La récolte française de blé tendre, la pire depuis 40 ans, est faible en volume comme en qualité. Les poids spécifiques sont dégradés. En moyenne, 72 % sont inférieurs à la norme de 76 kg/hl. C’est un critère requis pour une grande partie de nos débouchés : pour notre marché intérieur, en amidonnerie ou en meunerie, et à l’exportation.
Nous allons perdre 60 % de nos activités d’exportation vers les pays tiers, la variable d’ajustement des volumes. Mobiliser des blés de qualité exportable risque de devenir de plus en plus compliqué tout au long de la campagne, même si ce n’est pas un sujet aujourd’hui grâce au travail d’allotage et de triage.

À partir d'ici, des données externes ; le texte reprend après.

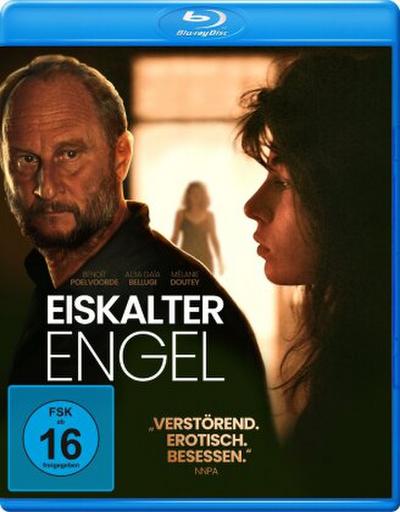 Eiskalter Engel, 1 Blu-ray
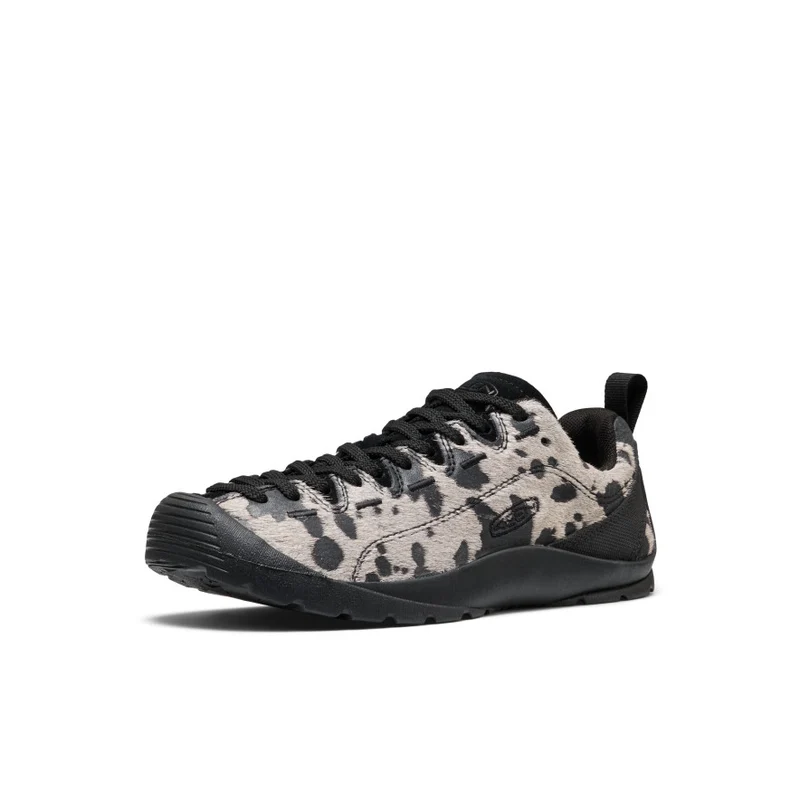 Jasper Sneaker für Damen | Cow Black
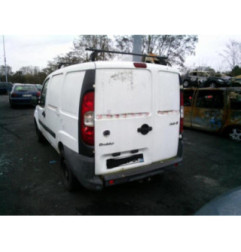 Turbo FIAT DOBLO 1 Photo n°10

En Europe, la situation est similaire, avec 8 millions de tonnes de blé tendre en moins à l’exportation en 2024-2025. Cette baisse ne sera pas compensée par nos principaux concurrents, la Russie et l’Ukraine, à qui il manque respectivement 8 millions de tonnes et 3 millions de tonnes à l’exportatiion. Ces pays vont puiser dans leurs stocks, qui sont attendus très bas en fin de campagne (7 millions de tonnes en Russie, 1 million de tonnes en Ukraine).

Comment s’est passée la première partie de campagne ?
Jusqu’à présent, le marché a été plutôt neutre, voire légèrement baissier. Nous sommes dans une situation de tension, avec 21 millions de tonnes en moins entre l’Europe, la Russie et l’Ukraine, mais cela ne s’est pas reflété dans les prix, car les Russes et les Ukrainiens ont été très actifs à l’exportation.
Avec une qualité moindre, et face à une très forte compétitivité de la Russie (5 millions de tonnes exportées par mois), nous n’avons pas trouvé notre place sur le marché à l'exportation. Au niveau géopolitique, on a également perdu la main en début de campagne, notamment en Afrique, dont l’Algérie.
À quoi peut-on s’attendre ensuite ?
Des volumes records ont déjà été sortis de Russie et d’Ukraine, il est fort probable que leurs exportations ralentissent. De plus, le gouvernement russe souhaite les limiter pour son pays, en augmentant d’abord les taxes à l’exportation, puis en mettant en place des prix minimums à l’exportation, qui n’ont pas été respectés par les exportateurs. Il imposera des quotas à l’exportation de 11 millions de tonnes entre le 15 février et le 30 juin 2025.
La concurrence sera moins forte et la demande mondiale se tournera davantage vers le blé européen et français. Faute de disponibilités russes et ukrainiennes, les pays qui boudaient l’origine France pour des raisons géopolitiques seront obligés de se tourner vers l’Hexagone pour garantir leur approvisionnement. Tous ces éléments devraient au minimum limiter la baisse des prix, et même potentiellement soutenir les marchés.
Il y a donc de fortes chances que l’on gagne en compétitivité au niveau mondial en deuxième partie de campagne et que l’on retrouve une place à l’exportation. La chute de l’euro depuis l’élection de Trump nous rend par ailleurs plus compétitif en dollar.